* Exercise instructions *
With the images removed, transcribe the listing that follows exactly.

-- Data block follows --

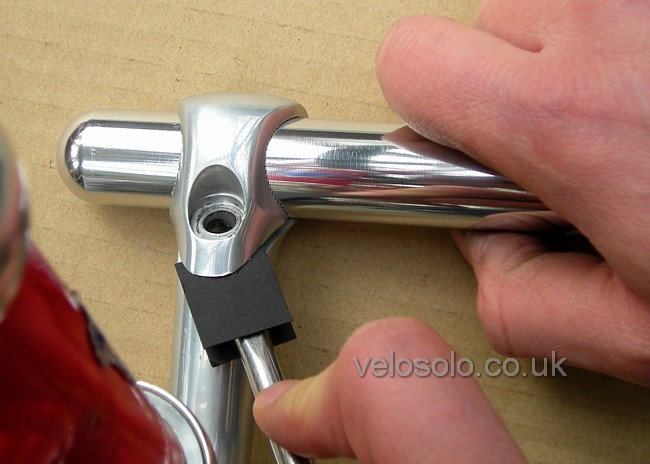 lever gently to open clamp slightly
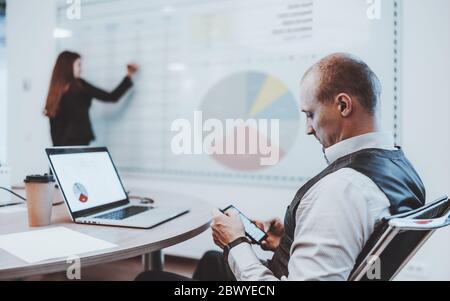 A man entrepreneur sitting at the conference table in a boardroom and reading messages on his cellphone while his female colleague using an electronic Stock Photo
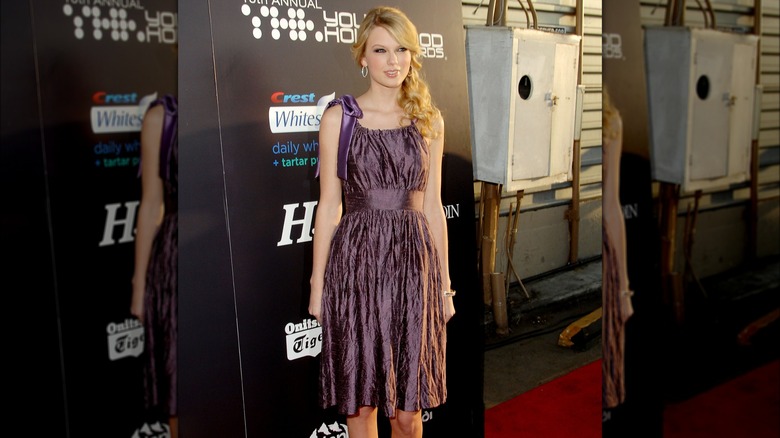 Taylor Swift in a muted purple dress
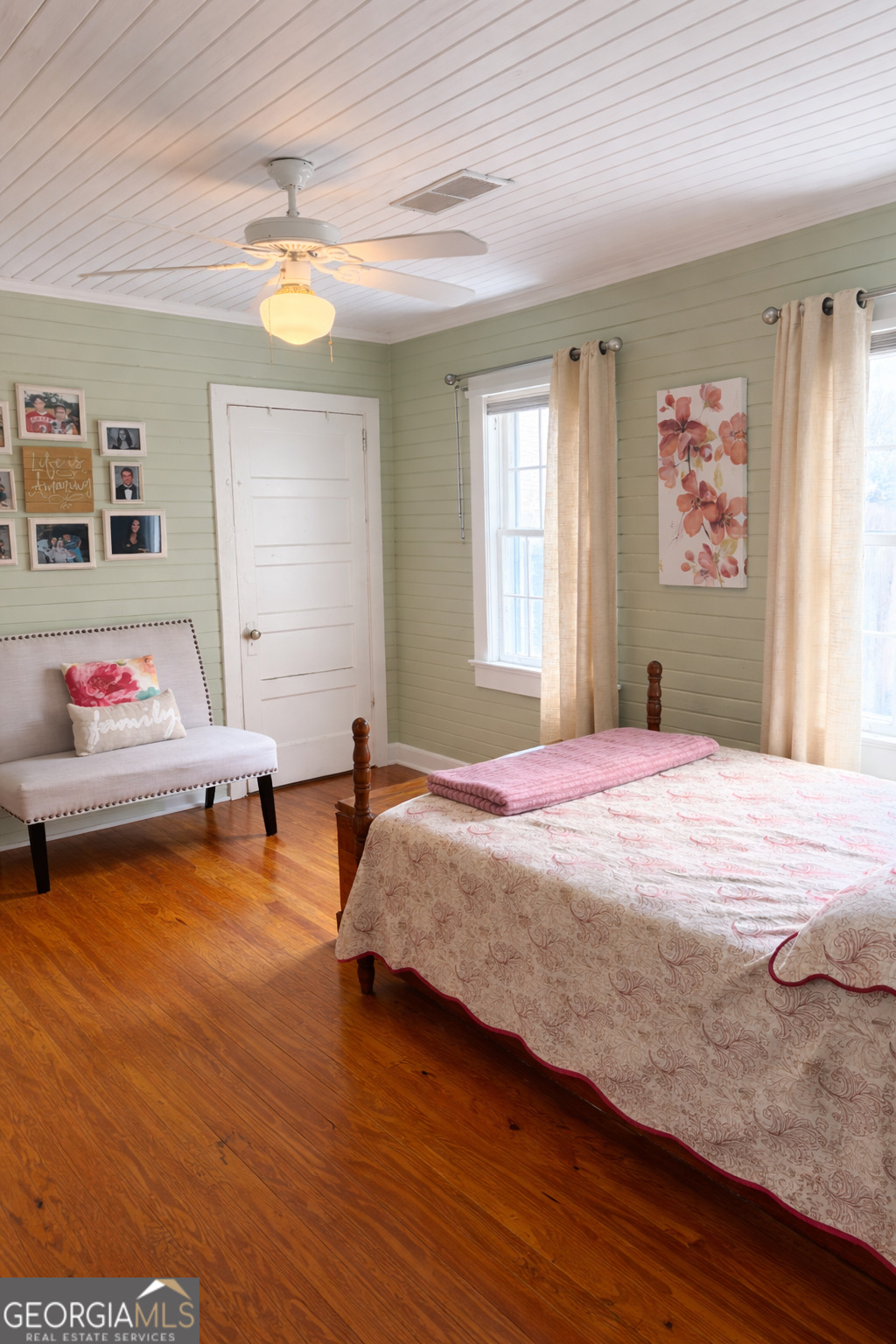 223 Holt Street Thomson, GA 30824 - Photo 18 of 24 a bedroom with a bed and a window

-- Data block concluded --

* Answer area *
 lever gently to open clamp slightly
 A man entrepreneur sitting at the conference table in a boardroom and reading messages on his cellphone while his female colleague using an electronic Stock Photo
 Taylor Swift in a muted purple dress
 223 Holt Street Thomson, GA 30824 - Photo 18 of 24 a bedroom with a bed and a window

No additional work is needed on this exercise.